Hubert Guillaud, Les algorithmes contre la société
éditions La Fabrique, mars 2025, 14 euros

« Hubert Guillaud décrypte le fonctionnement de ces systèmes qui ne sont pas seulement défaillants et opaques mais intrusifs et despotiques. Alors que les possibilités ouvertes par la révolution numérique se referment sur nous comme un piège, il appelle à remettre la démocratie et la justice au cœur des calculs – ou à nous en défaire. »
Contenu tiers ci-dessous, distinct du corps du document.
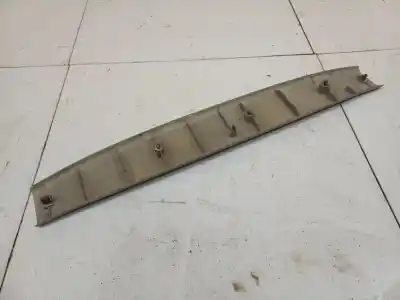 Pezzo di ricambio per auto di seconda mano plastica per mazda premacy (cp) 2.0 td riferimenti oem iam c10068930  c10068930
extrait quatrième de couverture.
La thèse du livre est aussi claire qu’argumentée. La projet de société numérique est pilotée par l’idéologie néolibérale et non pas par des amoureux du bien-être, de l’émancipation et de la démocratie. Les biais des algorithmes utilisés par les entreprises privés (par exemple pour le recrutement ou la gestions des plannings des employés) ou par les services publics (par exemple la CAF ou France Travail) sont toujours discriminants, toujours orientés sur les plus précaires, toujours orientés vers la maximisation des profits. Au moment ou les polémiques sur les aides aux entreprises françaises sont légions, personne (ni l’État ni les entreprises bénéficiaires) n’est capable de justifier et d’évaluer ces aides (dommage qu’il n’y ait pas d’algorithmes créé pour cela plutôt que pour récupérer quelques millions d’aides sociales). Les chapitres 1 et 2 (sur 5) nous détaillent cela, avec un appareil critique assez fourni. Le chapitre 3 (Du marketing à l’économie numérique : la discrimination pour le profil) fait un tour d’horizon des nouvelles pratiques, des nouveaux outils numériques utilisés pour le profilage des clients, pour générer des prédictions (toujours aussi incertaines) mais surtout générer des données, ces mines d’or de l’économie. Le chapitre IV (De l’autoritarisme du numérique au risque fasciste des calculs) commence ainsi : « Il ne faut pas confondre l’autoritarisme des plateformes avec l’autoritarisme des « oligarques cupides de la tech ». Les grands patrons visionnaires de la Silicon Valley, adulés pour leur réussite économique, se distinguent surtout par leur style managérial brutal et tyrannique. Ils adhèrent massivement à une vision du monde hostile aux travailleurs. Bezos a bâti sa fortune sans considération pour ses magasiniers, payés à des salaires si faibles qu’ils sont nombreux à bénéficier de l’aide sociale. Les usines de Musk ne sont guère plus reluisantes : les accidents y sont deux fois plus fréquents que dans les usines du secteur de l’automobile. Dans ce « capitalisme sans capital », l’exploitation des travailleurs est fructueuse. Le capital-risqueur Reid Hoffman, fondateur de LinkedIn, pompeusement présenté comme le plus philosophe des entrepreneurs pour sa copieuse littérature managériale, explique que les entreprises ne doivent aucune loyauté à leurs employés et encourage les travailleurs à se considérer comme des indépendants. La vision du monde de ces entrepreneurs relève du pur cynisme. » pp 123-124.
Et enfin le chapitre 5 (Calculer autrement), chapitre le plus court mais peut être annonciateur d’un prochain livre, envisage ces outils numériques dans une perspective de gauche, collective et non plus individualiste.
Un essai court et clair, critique et motivant qui se détache largement de la production des essais sur le sujet.